Der „Homo precarius“ lebt mit der Unsicherheit. Aber wie? Heute: Jorge, 41. Er lebt ohne Pass in Berlin
: „Ich wollte nach Deutschland, um den Traum meiner Eltern zu verwirklichen“

Jorge* ist nicht in Deutschland. Das zumindest sollen alle glauben, die ihm dieses Land nicht gönnen. Er macht sich für diejenigen unsichtbar, die ihn nicht sehen sollen: für Beamte, Behörden, Banken, sonstige Institutionen. Einfach ist seine Anonymität nicht in einem Land mit Einwohnermeldepflicht und Krankenversicherung und in dem die meisten Menschen auch noch ganz anders aussehen als er. Jorge ist 41, etwa 1,60 Meter groß und hat dunkle Haut. Seit zehn Jahren lebt er in Berlin – ohne Pass.

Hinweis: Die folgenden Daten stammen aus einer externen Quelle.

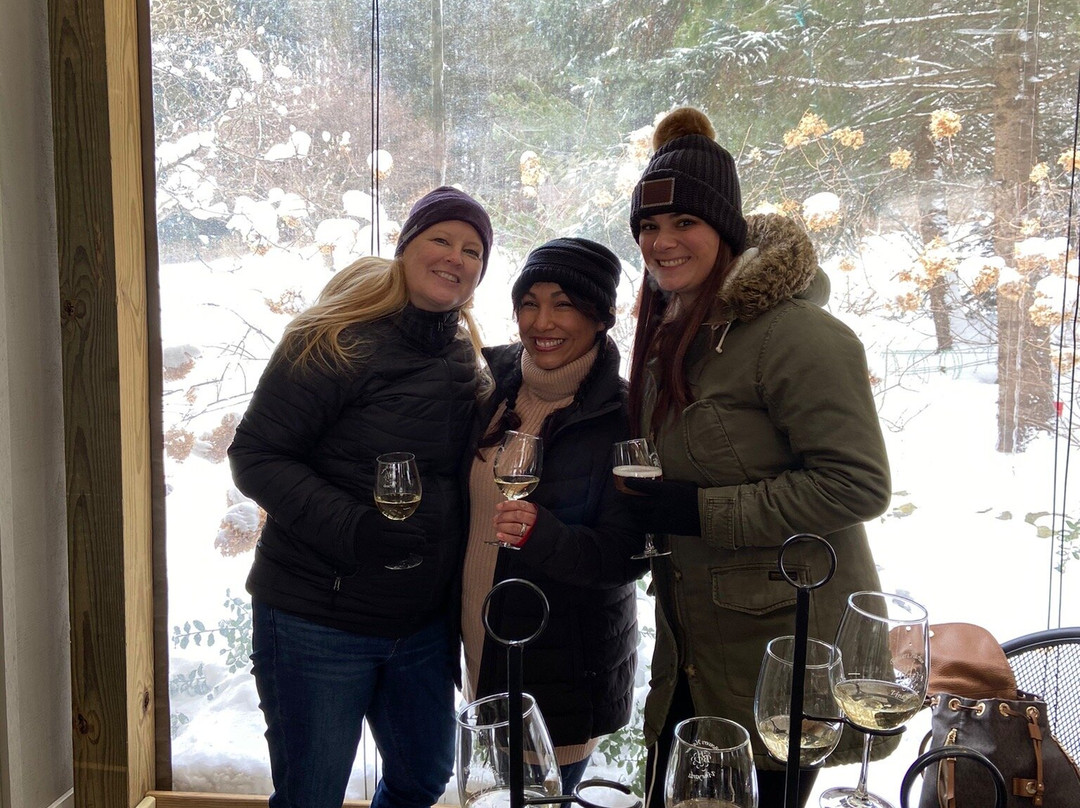 A3 Limo / Wine And Beer Tours-特拉弗斯城必去景点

Seinen Lebensunterhalt verdient Jorge mit Putzen. Er schrubbt in Büros, in Clubs und Wohnungen, manchmal arbeitet er in Restaurants als Küchenhilfe – schwarz versteht sich. Und auf Rufbereitschaft. Das heißt: Frühmorgens um 5 Uhr erfährt er, wann und wo er putzen soll. Manchmal kommt aber auch kein Anruf. Dann wird’s finanziell ziemlich eng.

Er war 27, als er Berlin zum ersten Mal besuchte. Damals kam er aus der Ukraine, um mit Geschäftspartnern Autoteile abzuholen, die im Ostblock verkauft werden sollten. „Ich wollte nach Deutschland, um den Traum meiner Eltern zu verwirklichen“, sagte er. „Aus mir sollte was werden.“ Vier Jahre nach dem ersten Besuch im Ostteil der Stadt kam er, um zu bleiben. Er reiste als Tourist mit falschen Papieren ins Land. Doch von dem Traum ist wenig geblieben.

Sein Vater war Bergarbeiter in den Anden. Er wollte, dass es seine Kinder einmal besser haben als er selbst. Jorge verhalf er zu einem Stipendium für ein Studium in der Sowjetunion. Ingenieur sollte er werden. Jetzt putzt er Toiletten für 3,50 Euro die Stunde. „Ich weiß nicht, was mein Vater heute über mich denkt“, erzählt er. „Wir haben den Kontakt verloren.“

Sein Zimmer teilt er sich mit zwei Latinos. „Wir haben 20 Quadratmeter Freiheit“, erzählt er. „Wenn wir viel trinken, dann erinnern wir uns an die Heimat.“ Dann wird Gitarre gespielt, gesoffen und oft geweint. Um nicht zu sehr in Wehmut zu versinken, laden sie „Mädels“ ein, erzählt er. Dann wird es lustig, sagt er, und meistens bezahlen die Mädchen die Getränke. „Wir sparen uns die Tränen und Geld und haben einen schönen Abend.“ Manchmal springt eine Einladung zum Frühstücken bei einer der Frauen heraus. Dann sei alles perfekt. Das sind die kleinen Momente des Glücks.

Allergisch reagiert er auf Uniformierte. Kontrolleure der BVG fürchtet er. „Die können mich sichtbar machen“, befürchtet Jorge. Bei einer Personenkontrolle bleibt ihm nur eins: „Ich muss schneller sein als andere.“ Bis jetzt ist alles gut gegangen.